India backs hydroxychloroquine
India's top biomedical research body on Tuesday backed the use of the anti-malarial hydroxychloroquine as a preventive against coronavirus, after the World Health Organisation suspended clinical trials of the drug over safety concerns.
The endorsement from the Indian Council of Medical Research came a week after United States President Donald Trump said he is taking the drug as a preventive measure.
Right train wrong destination
Indian Railways officials were left red-faced last Saturday after a special train for migrant workers which started its journey from Mumbai for Gorakhpur in Uttar Pradesh on May 21 ended up in Rourkela in Odisha.
The passengers were not told about the change in the route. "There must have been some operational compulsion for the diversion," said a senior railway ministry official.

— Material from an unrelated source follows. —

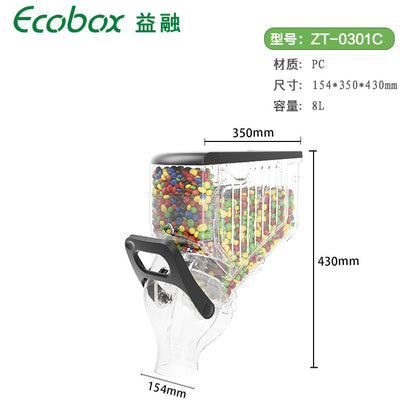 A Supermarket display box Household square storage box Inner support storage box Multi-style gravity box with lid Thickened transparent plastic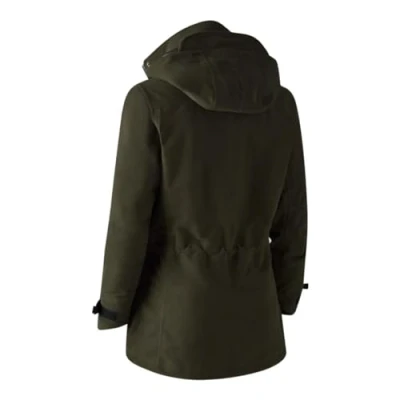 Image of Deerhunter Lady Gabby Jacket Peat C40 Brown Waterproof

"The conditions are really challenging. Routing trains is a complex exercise. This has never happened before."
'Killer' snake sent for forensic test
The Kerala Police team investigating the bizarre murder of a housewife through a snake bite has exhumed the carcass of the cobra and sent it for forensic examination.
The incident took place on May 6 when 25-year-old Uthara Suraj was killed in Anchal, near Thiruvananthapuram. The snake was later killed by Uthara's parents.
On May 24, the police arrested her husband Suraj and his friend Suresh, a professional snake catcher, in connection with the case.
Goa government probing controversial passage
Goa's Education Department is probing how a controversial passage, which implied it is difficult to get a job in the state without bribery or influence, was included in the English language question paper of the recent Staff Selection Commission examinations.
The passage, which was part of a grammar-related question, suggested that, because jobs are difficult to get, local youth were forced to migrate abroad. Nearly 11,000 students appeared for the examinations.
Drones deployed against locusts
Huge swarms of desert locusts are destroying crops across western and central India, prompting authorities to step up their response to the country's worst plague in nearly three decades.
Drones, tractors and cars have been sent out to track the voracious pests and spray them with pesticides.
The locusts have already destroyed nearly 50,000 hectares of cropland.